Jet moved in a step and brushed his finger along the line of her jaw. Silver’s lips quivered and she panted out her words. “I want revenge for my brother, Kilé.” She gasped as Jet pressed the edge of the icy blade against her cheek. “I sought you…” She slowly pushed the blade away from her face with a trembling hand. “I sought you to help me prove Cirin’s guilt and restore my family to the chair of Wu Xing Metal, if any besides me survives. I followed you in peace, despite appearances. Teach me to defeat the man, and I’ll do us both a favor. I’ll ensure an alliance, and you’ll have one less territory to defeat.”
“Who would you see in the chair? Yourself? How long did you train?” Jetre snorted. In fact, he thought that a woman would fare well on the Metal throne, but this woman was already too old to begin the aggressive preparation needed to control the Ch’i of a clan.
“Yes, I’m too old, your elder by two years.”
“Then who? Your sniveling little brother, Desmen?”
Jet saw Silver’s fury at the mention of the coward who abandoned his element in the face of battle. He knew that her family, even her entire clan, never spoke his name.
That was a low blow, Jet. She brings out pettiness in you.
“Since you continue to mock me and have no interest in my plan, I’ll keep it to myself. Get it over with, Lord.”
“Plan! Some plan. Sneak up on a clan Lord who can pick thoughts from the air, feel a threat looming from miles away? You’re not impressive, Silver.”
“How does a Metal warrior get the attention of the Lord of the Wood? Was I to invite you to tea? Tap on the gate of Traier?” She cocked her chin up in a haughty fashion, but Jet caught the tremble still in her voice.
“You have my attention for a moment. Tell me why I should listen to you.” Give me some reason to let you live a while longer, to look at you a bit more.

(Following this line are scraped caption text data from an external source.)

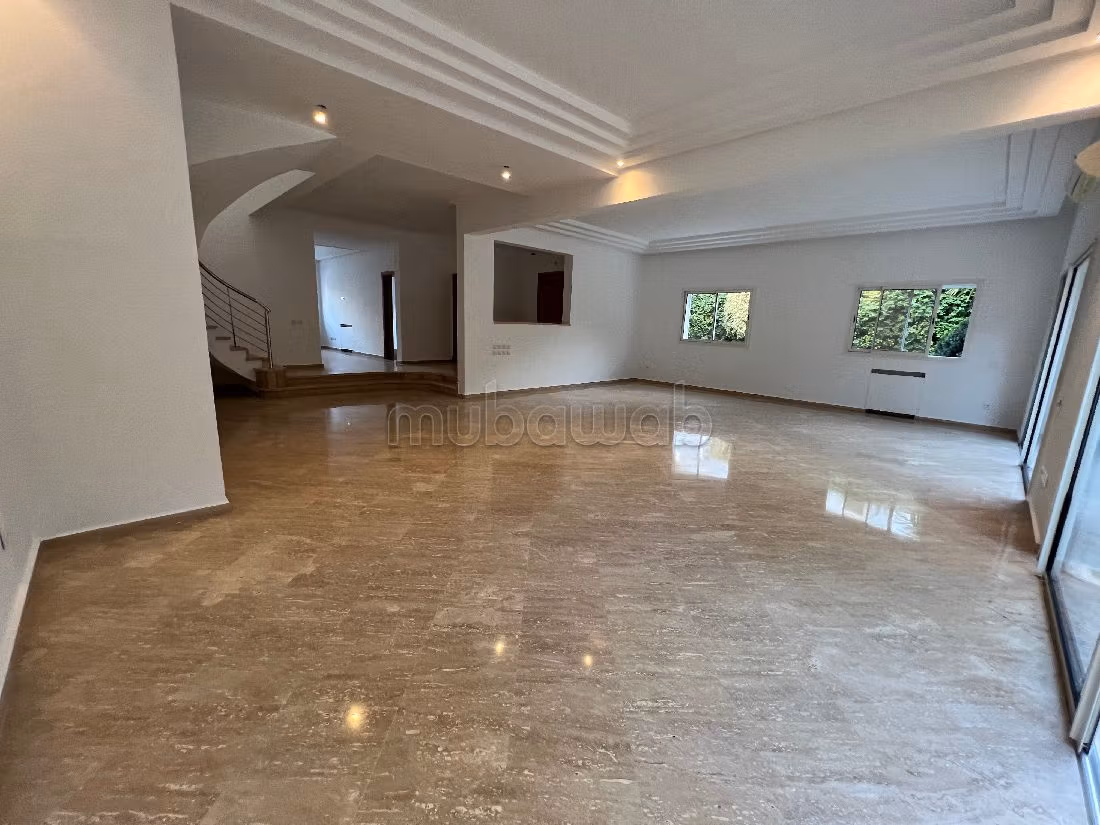 Nu huren: villa's en luxe woningen in Ain Diab Extension. Oppervlakte 450 m². Veel comfort met airconditioning en open haard. 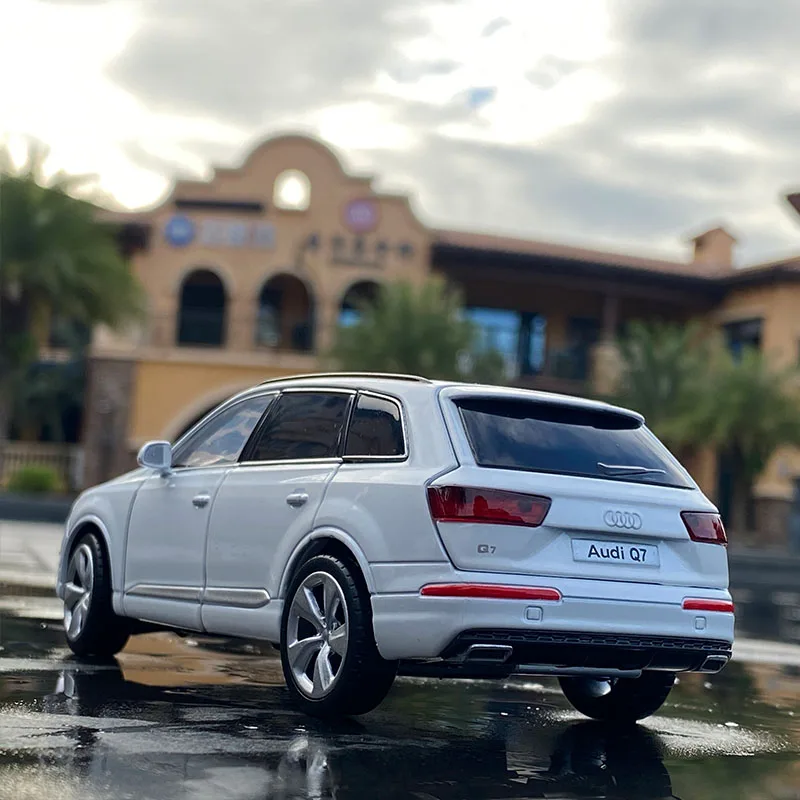 1:32 AUDI Q7 SUV Alloy Car Model Diecast & Toy Vehicles Metal Car Model Simulation Collection Sound and Light Childrens Toy Gift 5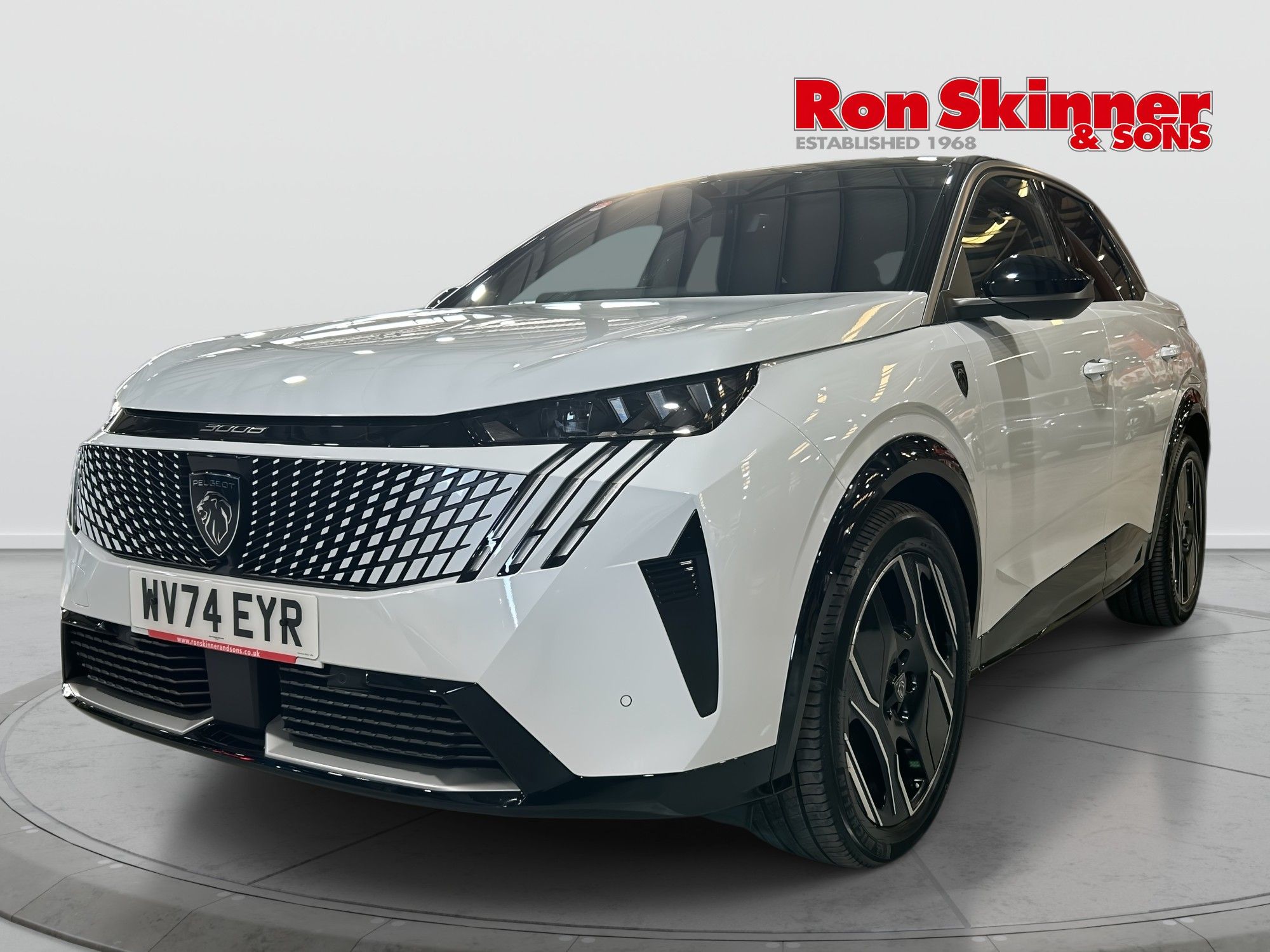 USED 2024 74 PEUGEOT E-3008 73kWh GT SUV 5dr Electric Auto (210 ps) 
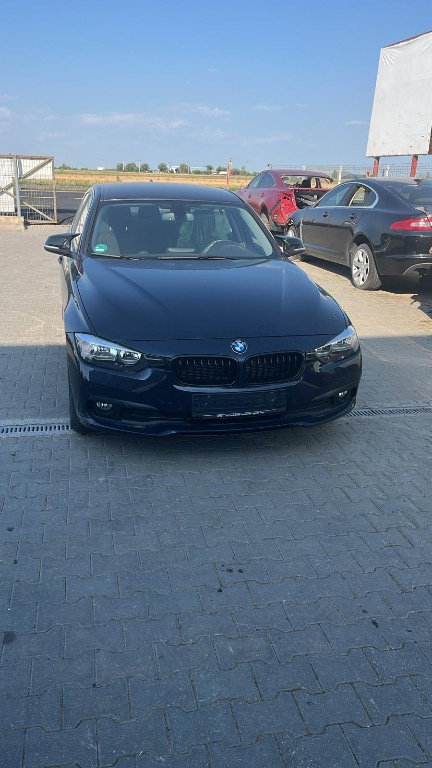 Dezmembram BMW F30 seria 3 2.0 diesel xdrive din 2017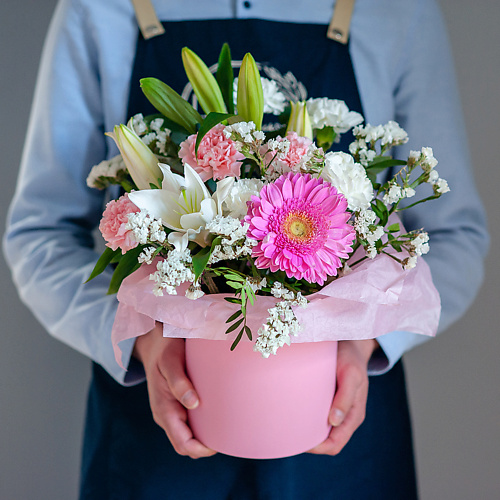 ЦВЕТНИК ЦВЕТЫ И ПОДАРКИ Сборный букет с лилией и герберой с шляпной коробке 4530₽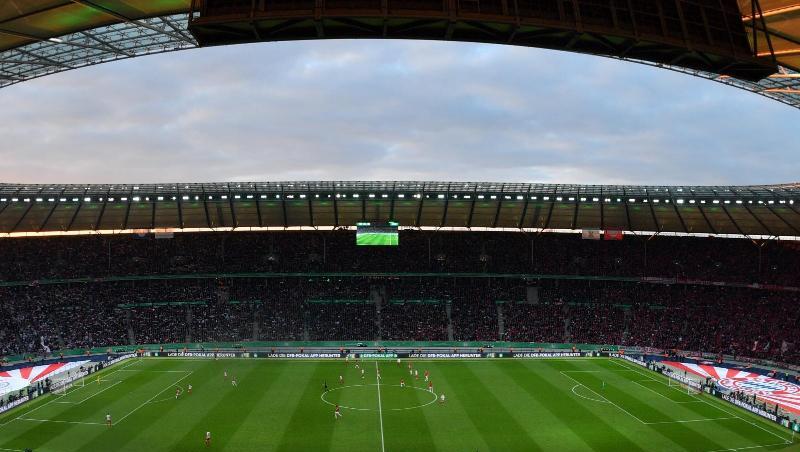 Blick von der Tribüne auf das Spielfeld im Berliner Olympiastadion. Foto: Hendrik Schmidt/dpa/Archivbild Blick von der Tribüne auf das Spielfeld im Berliner Olympiastadion. Foto: Hendrik Schmidt/dpa/Archivbild
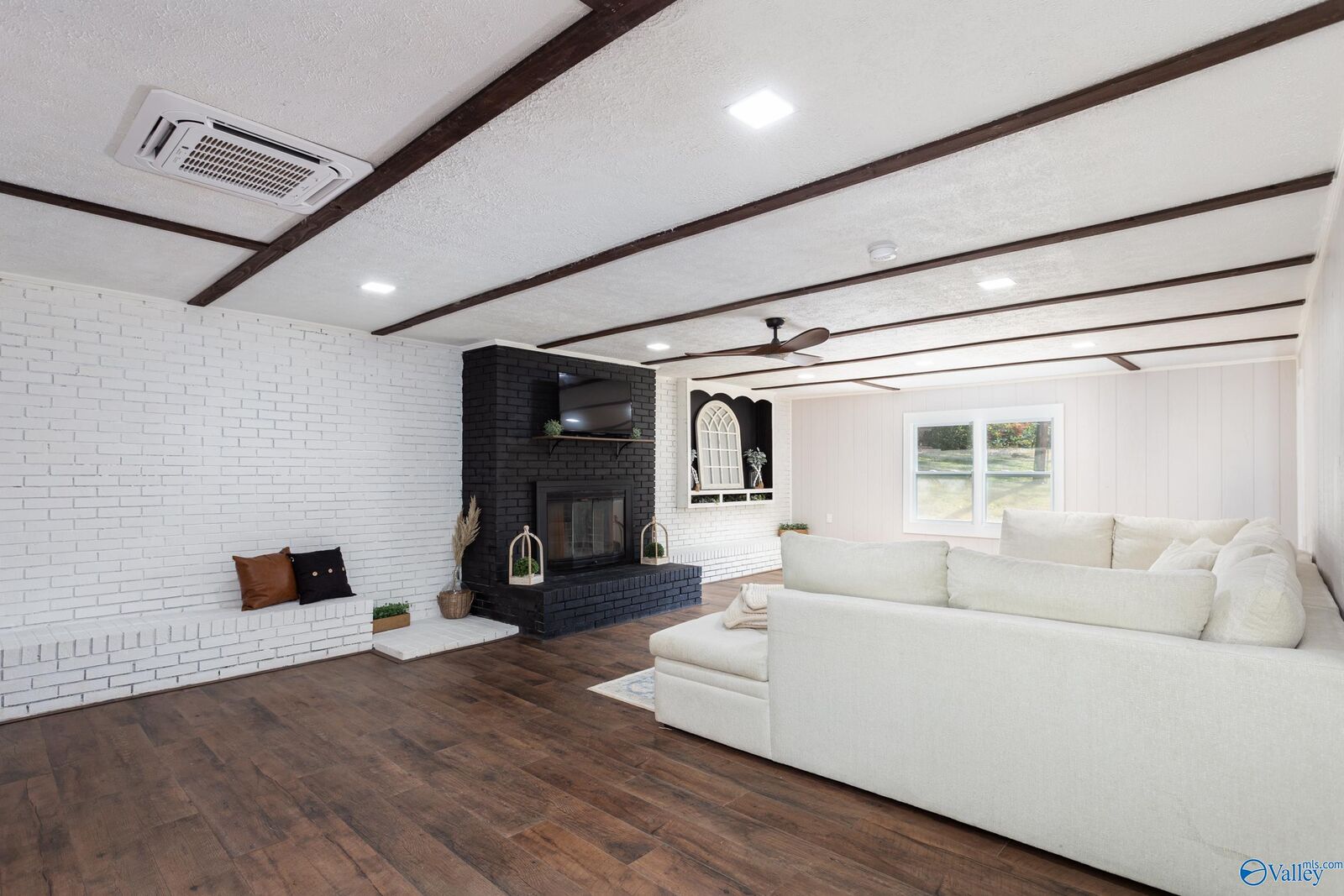 Property Photo: 2070 Iron City Road AL 36207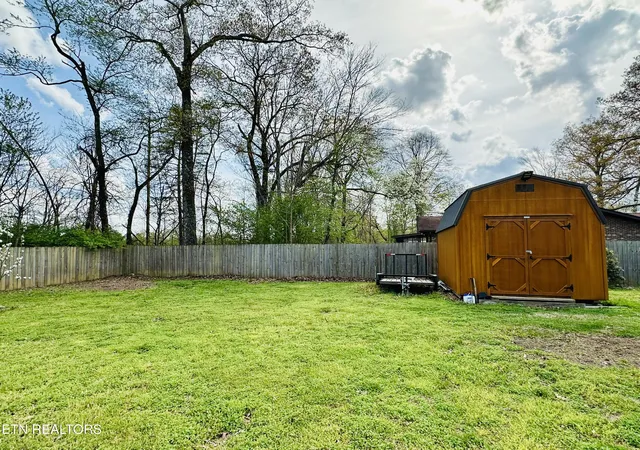 5th image of 102 Oakwood Dr, Clinton, TN 37716 | MLS# 1333556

The urge to touch her cheek where a small beauty mark broke the serenity of her porcelain skin pulled at him and he fought to keep his arm still, fought everything she evoked in him.
“I’ll tell you all I know if you show mercy and let me walk away tonight in good faith. Allow me to join you at Traier. I’m a sitting duck here. If they learn of my betrayal…” Silver winced in dismay.
“You aren’t in much of a bargaining position.” Jet allowed himself to wipe the blood from her throat with his gloved thumb, then sliding his hand from her hair to the nape of her neck. He stepped in so close that her breath warmed the skin left bare at his throat. Her eyes grew wide and she parted her lips slightly.
An invitation? How could she think of anything but death? A kiss. What would it hurt? She’d be dead in minutes, couldn’t tell anyone.